Get Started With TypeScript
To get started with TypeScript, you can install it globally by running npm i -g typescript
in your terminal. With that installed, you should be able to transpile TypeScript files, using the tsc
command in your terminal. Create a new file called index.ts
, and add the following line, then run tsc index.js
in the directory where the file has been created:
const hello = '👋';
You will see that TypeScript will generate an index.js
file next to your TypeScript file with the following content:
var hello = '👋';
It changed the const
keyword to var
, so we can be sure that TypeScript is now set up and is working. This happens because it transpiles your code down to ES3 by default. Of course, this code has nothing to do with TypeScript so far, the const
keyword is part of ES6. It just shows that TypeScript can also transpile your code down to a different version of JavaScript. You can target the version among other things with CLI flags. For example, to transpile to ES6, you would do:
tsc index.ts -t ES6
tsc index.ts -target ES6
Both of them will work, and you get back the same variable with the const
keyword. Of course, it would be super tedious to always write out these flags into the terminal, so TypeScript provides a configuration file, where you can configure every aspect of the compiler.
Configuring TypeScript
For that, you’re going to need to have a tsconfig.json
file at your project’s root. Here you can specify a compilerOptions
node where you can set the target
among many other things.
{
"compilerOptions": {
"target": "ESNext"
},
"include": ["src/**/*"],
"exclude": ["node_modules"]
}
Here you also have the option to include or exclude certain files from transpiling with glob pattern support. For the full list of available compiler options, you can refer to the official docs.
Using TypeScript
Now that you have everything set up, let’s start using TypeScript. First, let’s see how you can define types for your variables. By default, variable types are inferred from the declarations. For example, if you have the following variable:
const number = 5;
typeof number // returns "number"
const number = '5';
typeof number // returns "string"
It will be inferred as a number. JavaScript automatically assigns a type to it explicitly. If you change it to a string, then the type of the variable will be a string as well. In order to ensure we are dealing with a number, we need to assign a type using a double colon, followed by a type:
const number: number = 5;
If you transpile your file into JavaScript, you will notice you won’t get any additional code in your output. You will only have var number = 5;
. TypeScript checks the types at compile time. If you change the value of the variable to a string now, you will get an error, and you won’t even be able to transpile your ts
file.
Apart from the number type, you have many other types you can use. Some of the more commonly used that you need to be aware of are:
Tuples
You know most of these already from JavaScript, but there are a couple of other types we need to talk about. For example, a tuple is a fixed size array where you know the type of each element:
const tuple: [string, number] = ['0', 1];
This way you won’t be able to add or remove elements from the array. Also if you are referencing one of the elements, you get the proper object methods. For example on tuple[0]

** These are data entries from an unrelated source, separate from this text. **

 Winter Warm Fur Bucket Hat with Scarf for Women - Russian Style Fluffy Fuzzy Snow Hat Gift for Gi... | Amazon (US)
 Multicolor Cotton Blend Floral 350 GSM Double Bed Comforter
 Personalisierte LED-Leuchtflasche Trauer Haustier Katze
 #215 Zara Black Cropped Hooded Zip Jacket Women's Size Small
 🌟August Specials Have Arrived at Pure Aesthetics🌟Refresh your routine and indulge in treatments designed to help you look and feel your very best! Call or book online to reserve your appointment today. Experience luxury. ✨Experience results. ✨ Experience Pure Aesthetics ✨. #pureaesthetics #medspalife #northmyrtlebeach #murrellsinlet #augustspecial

you will get an error if you try to use toFixed
as it is not a string, but a number. And when you are dealing with regular arrays, you have two ways to type them:
// Use the type of the element followed by []
const emojis: string[] = ['1️⃣', '2️⃣', '3️⃣'];
// Use the generic array type: Array<type>
const emojis: Array<string> = ['1️⃣', '2️⃣', '3️⃣'];
Enums
Enums are another helpful addition to JavaScript. With enums, you can create a set of values with more meaningful names. Take the following as an example:
enum Direction {
Up,
Left,
Down,
Right
}
Here, each value is a numeric value, starting from 0. This means that Right
will be equal to 3. If you transpile this down and look into the JavaScript file, you will see the following generated:
var Direction;
(function (Direction) {
Direction[Direction["Up"] = 0] = "Up";
Direction[Direction["Left"] = 1] = "Left";
Direction[Direction["Down"] = 2] = "Down";
Direction[Direction["Right"] = 3] = "Right";
})(Direction || (Direction = {}));
You can access the values just like you would for any other object in JavaScript.
Direction.Up
Direction.Down
... and so on ...
You can also change the starting value by assigning a number to it, or if you prefer, you can assign a value for each of them to further improve readability.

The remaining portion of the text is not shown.